The discovery of the mutilated bodies of these adolescents in the furnaces and aqueducts near the Minudasht village became a source of fear in Tehran.

==Arrest==
In January 1933, a teenager who was lost in the Qaleh Kharabeh village, 800 km south of Tehran, found the body of a boy. He rushed to tell the news in nearby Najafabad. Agents from the Office of Provincial Affairs discovered that, in addition to the teen's body, there were two others. Both were under twenty years old and had been killed in the past couple of weeks.

On 23 February, in the space of less than two months, another young man's skull was found at Laleh Park, but his body was not found. Five days later, a 31-year-old man's headless body was discovered in the Aminabad district of Dowlatabad.

By creating a climate of fear around Tehran, the police and the judiciary worked hard to find any clues which would help them find the killer. Sardar Timur Khan, an inspector from Tehran, who was probably the most knowledgeable officer in this area, was put in charge of the serial killings investigation in southern Tehran.

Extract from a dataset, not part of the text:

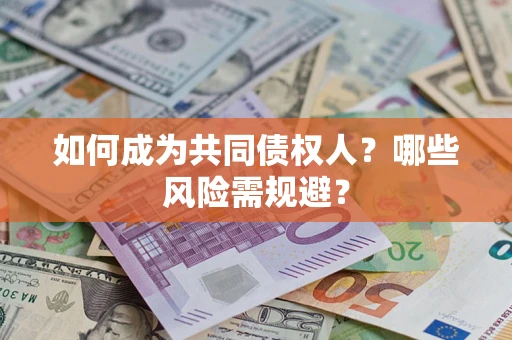济南如何成为共同债权人？哪些风险需规避？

The police drained several wells in an attempt to either find more bodies or prevent their use for possible dumping, as the officers continued their efforts to solve the killings in Qarat.

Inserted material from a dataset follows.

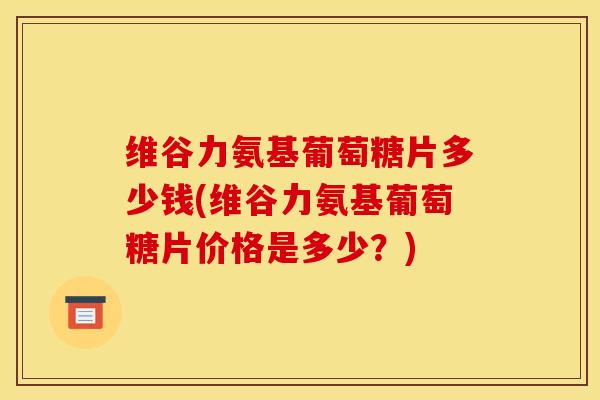 维谷力氨基葡萄糖片多少钱(维谷力氨基葡萄糖片价格是多少？)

On Thursday, 10 March 1933, close to Aminabad's qanats, the police came by a middle-aged man in the desert, selling a stack of porterage. The officers spoke with him, asking about his background and employment.

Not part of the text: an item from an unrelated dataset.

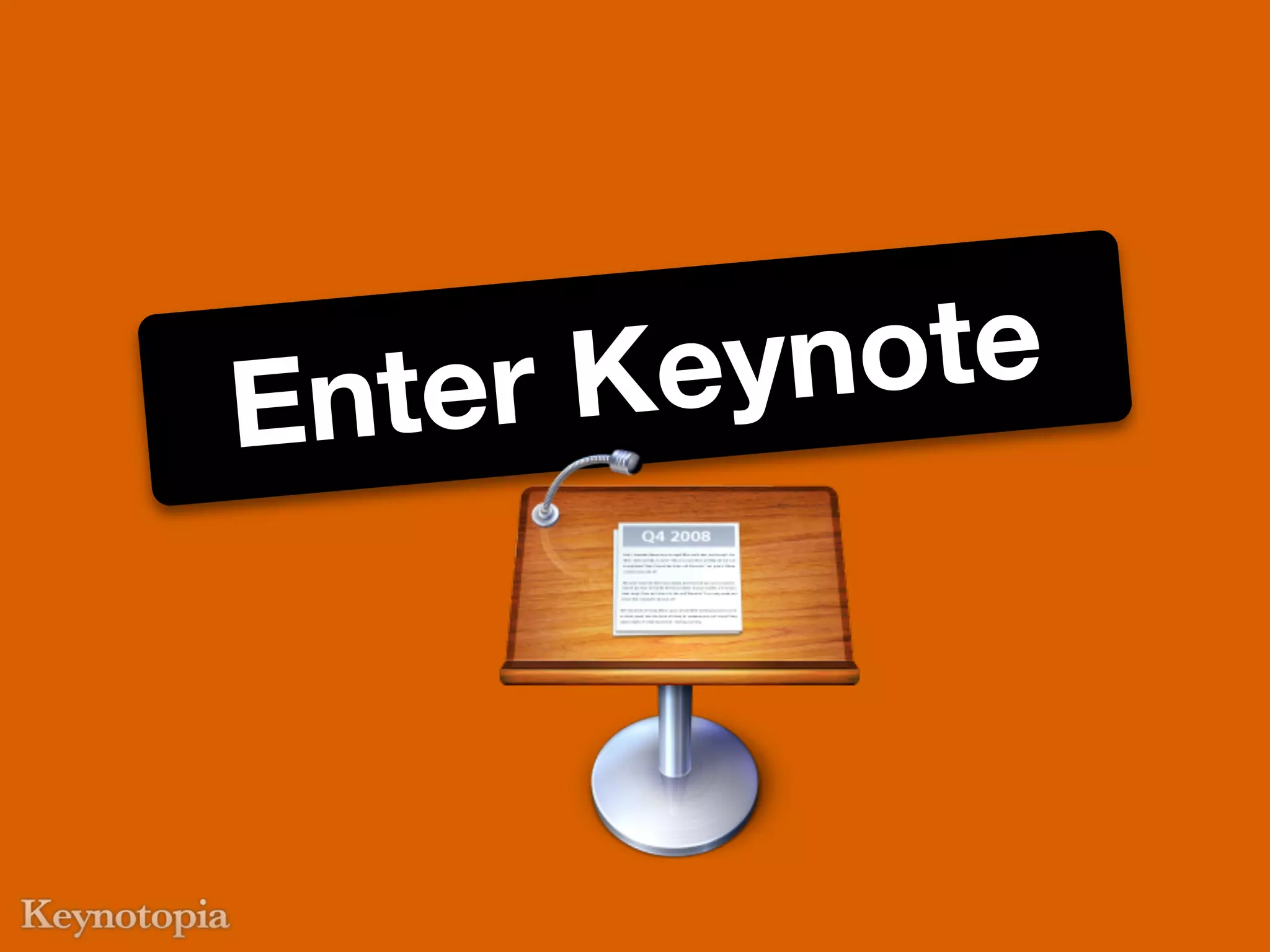E nter Key note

The man claimed he was selling okra. They did not doubt him at first, but upon closer inspection, noticed bloody clothes and a bloody knife. The man claimed to have bought the clothes from the market near the Shah-Abdol-Azim shrine, and the rest of the items were his tools. The authorities were not convinced, and the man was arrested and taken to a commissioner in Tehran.

The officers then visited Asghar's residence in Reza Khan Caravanserai and questioned his neighbours. They said that, the previous night, Asghar had introduced the murdered boys as being his brothers. The police identified the clothes worn as belonging to the same teenager.

==Trial and confessions==
After a series of interrogations, Ali Asghar admitted the clothes were from the adolescent, also named Ali, whom Asghar employed to work alongside him. But after the boy ran away, Asghar found him and proceeded to rape and murder him. Eventually, Asghar confessed to raping and murdering a total of 8 children in Iran and 25 in Iraq.

Now dubbed "Asghar the Murderer", the trial began in June 1934. Asghar was charged with the rape and murder of a dozen children and adolescents. At the verdict, the court sentenced him to 9 years of imprisonment and subsequent to that - he was to be executed. The verdict was upheld by the Supreme Court of Iran.

Given a chance to speak, Asghar explained his reasoning behind the crimes:

"These are people without parents; they are useless and beautiful. When their facial hair starts to grow, they become thieves. I have enmity with them. These are the enemies of society. Because of that, I have killed them. I was so excited when outside of my country, as I have killed a lot of them. That's why I came here, seeing they were here, and kill them.

==Execution==
On Wednesday, 6 July 1934, in the early morning, Asghar was executed in Toopkhaneh in front of the country's national justice system. At first, he appeared humorous, but when he saw the rope, he realised the inevitable and grew fearful. He said that if he was to be released, he would give the person two sheep. "I killed some tramps, I killed them because of you", he said after protesting.

In the story The Well of Babel by Reza Ghassemi, Asghar the Murderer says; "my purpose in life is to see my head over and above others. Well, now I'm dreaming of a cord climbing up." The prison director instructs that he is hanged by the feet, upside down and ties a rope around a large stone with the noose around his neck and leaves him hanging by the dangling stone.